= Ibrahim Hamed =

Palestinian militant

Ibrahim Hamed (إبراهيم حامد; born 1965 in Silwad) is a Hamas military commander in the West Bank who ordered suicide bombing attacks during the Second Intifada which he claimed is due to Israeli attacks on Palestinians until he was apprehended by Israeli Yamam unit on 23 May 2006. Israeli authorities accused him of being responsible for 96 civilian deaths.

Ibrahim Hamed was serving 45 life sentences in Israeli prison for orchestrating many suicide attacks in Israel that killed dozens of civilians.

It appeared that Hamed was interned under consecutive 6-month administrative detention orders by the Israeli government.

Israel tried Hamed in military court, and on 27 June 2012 he was convicted of killing 46 people.

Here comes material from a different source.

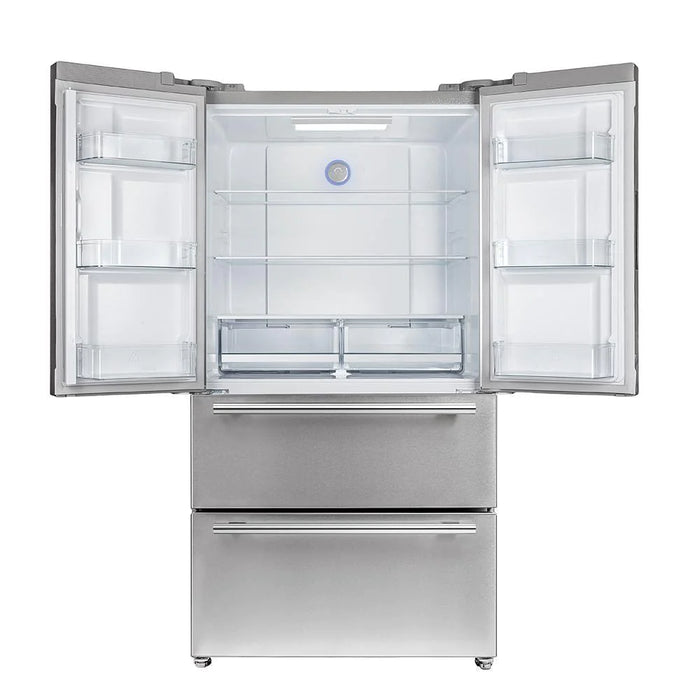 Forno Moena - 36 in. French Door Counter Depth Refrigerator in Stainless Steel FFRBI1820-36SB Forno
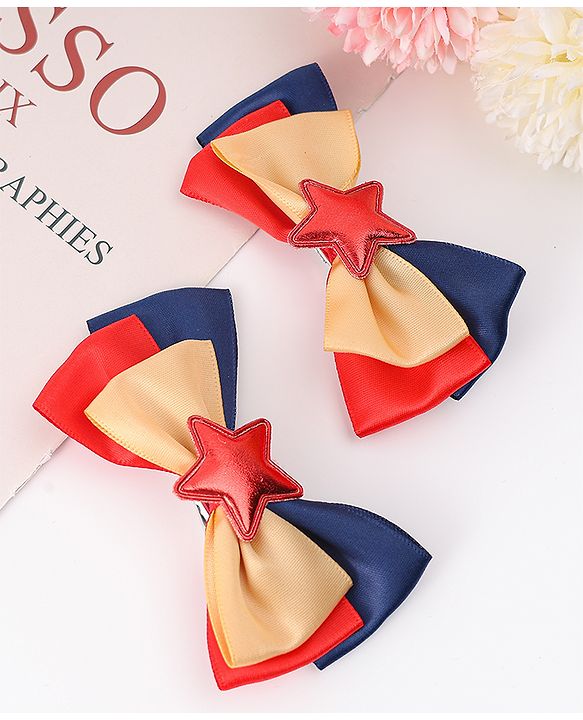 Pine Kids Bow & Butterfly Clips Pack of 2 Free Size - Multicolor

==Attacks attributed to Ibrahim Hamed==
- According to Israeli security sources on 1 December 2001, Hamed dispatched two suicide bombers who blew up in Zion Square and Ben Yehuda St. in Jerusalem killing 11 people and injuring dozens.
- On 9 March 2002, a Hamas suicide bomber dispatched by Hamed blew himself up at Café Moment bombing in Jerusalem killing 12 people.
- Six people were killed in a suicide attack planned by Hamed at the Sheffield Club in Rishon LeZion on 7 March that same year.
- Hebrew University massacre: A bomb planted in a cafeteria at the Hebrew University in Jerusalem killed nine students on 31 July 2002.
- Café Hillel bombing: 9 September 2003 in Jerusalem.
- Tzrifin bus stop attack 9 September 2003.